Shortly thereafter, Plaza was inaugurated into his second presidential term in office. It was the first of four consecutive constitutional changes of government: following Plaza (1912-16) came Alfredo Baquerizo Moreno (1916-20), then José Luis Tamayo (1920-24), and Gonzalo S. Córdova (1924-25). Real power during this second half of the period of Liberal rule was held, not by the government, but by a plutocracy of coastal agricultural and banking interests, popularly known as la argolla (the ring), whose linchpin was the Commercial and Agricultural Bank of Guayaquil led by Francisco Urbina Jado. This bank gained influence by loaning vast quantities of money to the free-spending government as well as to private individuals. According to Ecuadorian historian Oscar Efrén Reyes, the bank was influential "to the point that candidates for president and his ministers, senators, and deputies had to have the prior approval of the bank." Many of the private loans were to members of the Association of Agriculturists of Ecuador, an organization that also received government funds intended to promote an international cartel of cacao growers, but which instead were used to line members' pockets.

All parties involved in la argolla, from the government officials to the bankers and the growers, were professed militants of the Liberal cause. It was not only the political fortunes of the party that fell victim to their financial activities, however, but also the national economy, which experienced runaway inflation as a result of the printing of money by the private banks. The severe economic problems during the final years of Liberal rule were also partially caused by factors beyond the control of the politicians. A fungal disease that ravaged Ecuador's cacao trees and the growth of competition from British colonies in Africa abruptly ended conditions that had favored Ecuador's exportation of cacao for over a century. What was left of the nation's cacao industry fell victim to the sharp decline in world demand during the Great Depression.

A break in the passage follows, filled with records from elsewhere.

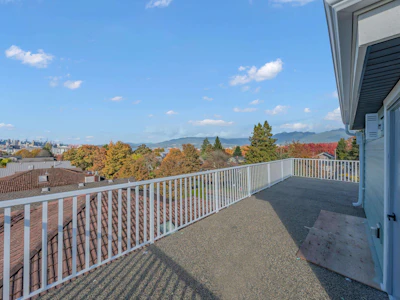 1-2554 Dundas Street - 2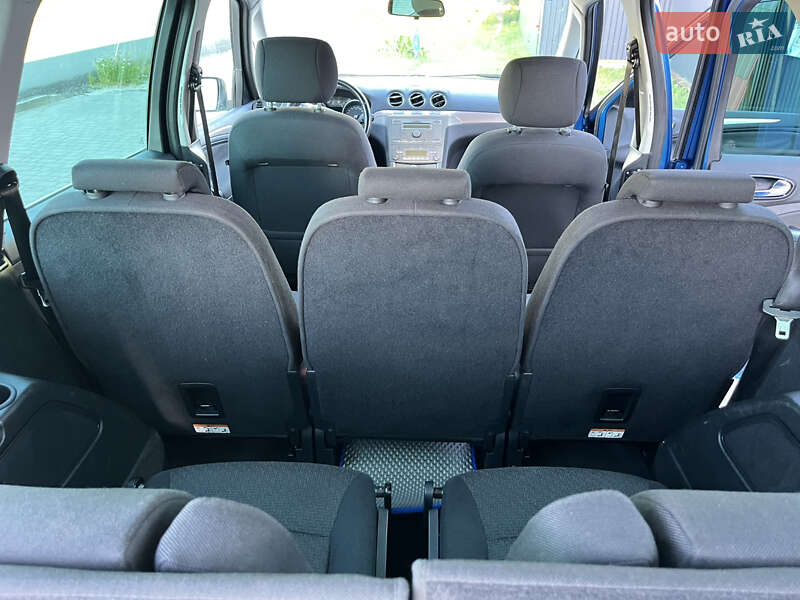 Минивэн Ford Galaxy 2006 в Любомле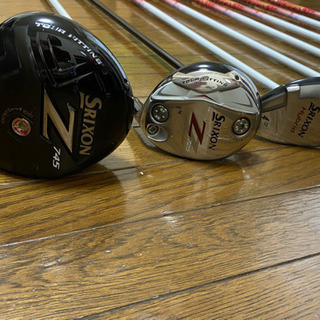 スリクソンゴルフクラブのセットの画像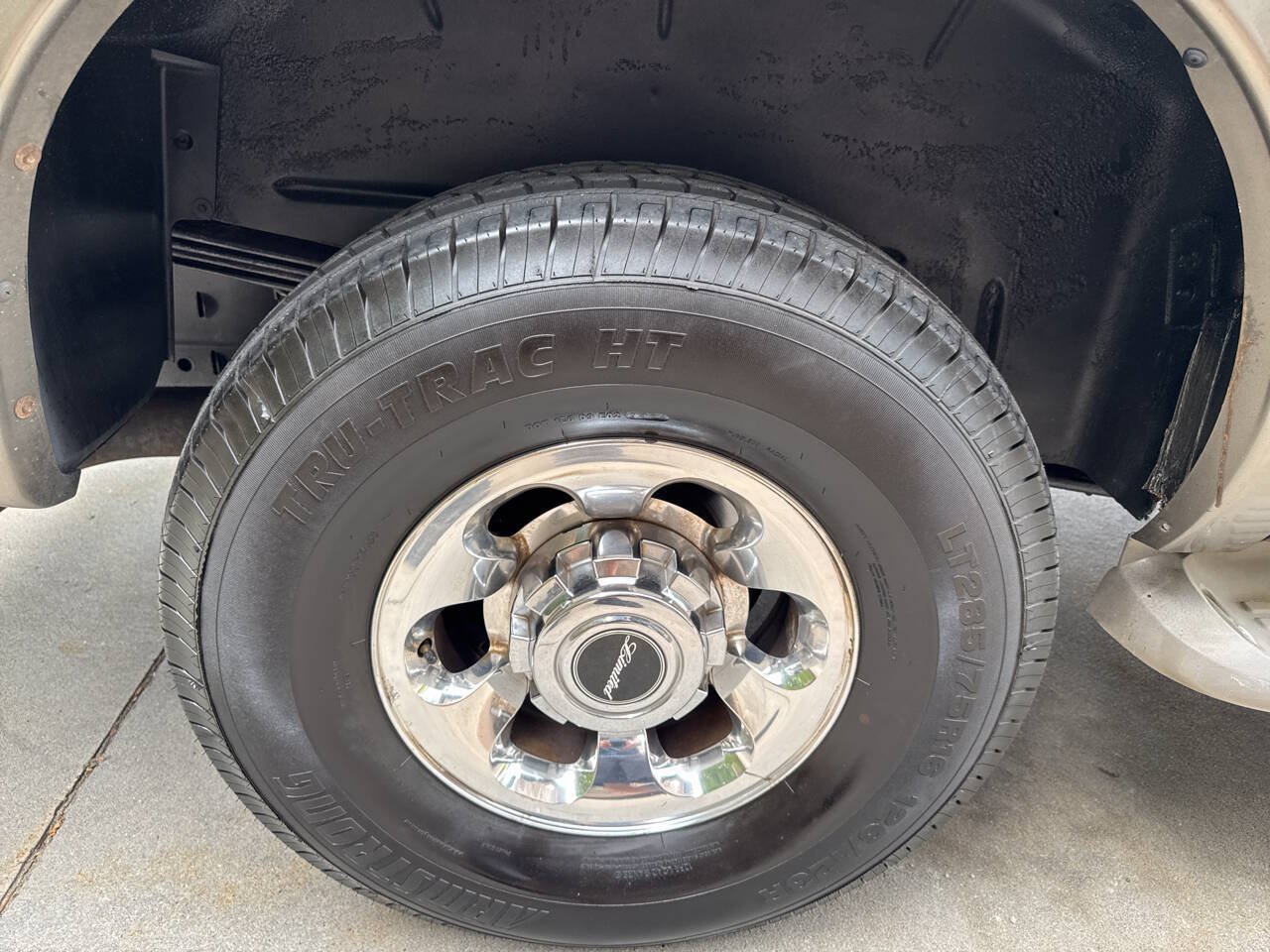 Used 2004 Ford Excursion Limited AWD/4WD image 28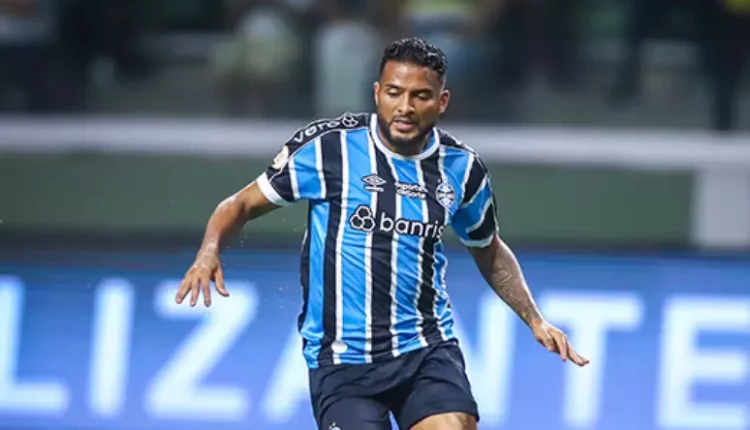 Reinaldo pelo Grêmio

Ecuador's economic crisis of t of the early 1920s was especially devastating to the working class and the poor. With real wages, for those lucky enough to have jobs, eaten away by inflation, workers responded with a general strike in Guayaquil in 1922 and a peasant rebellion in the central Sierra the following year. Both actions were aimed at improving wages and working conditions both were put down only after massacres of major proportions.

President Córdova, closely tied to la argolla, had come to office in a fraudulent election. Popular unrest, together with the ongoing economic crisis and a sickly president, laid the background for a bloodless coup d'état in July 1925. Unlike all previous forays by the military into Ecuadorian politics, the coup of 1925 was made in the name of a collective grouping rather than a particular caudillo. The members of the League of Young Officers who overthrew Córdoba came to power with an agenda, which included a wide variety of social reforms, the replacement of the increasingly sterile Liberal-Conservative debate, and the end of the rule of the Liberals, who had become decadent after three decades in power.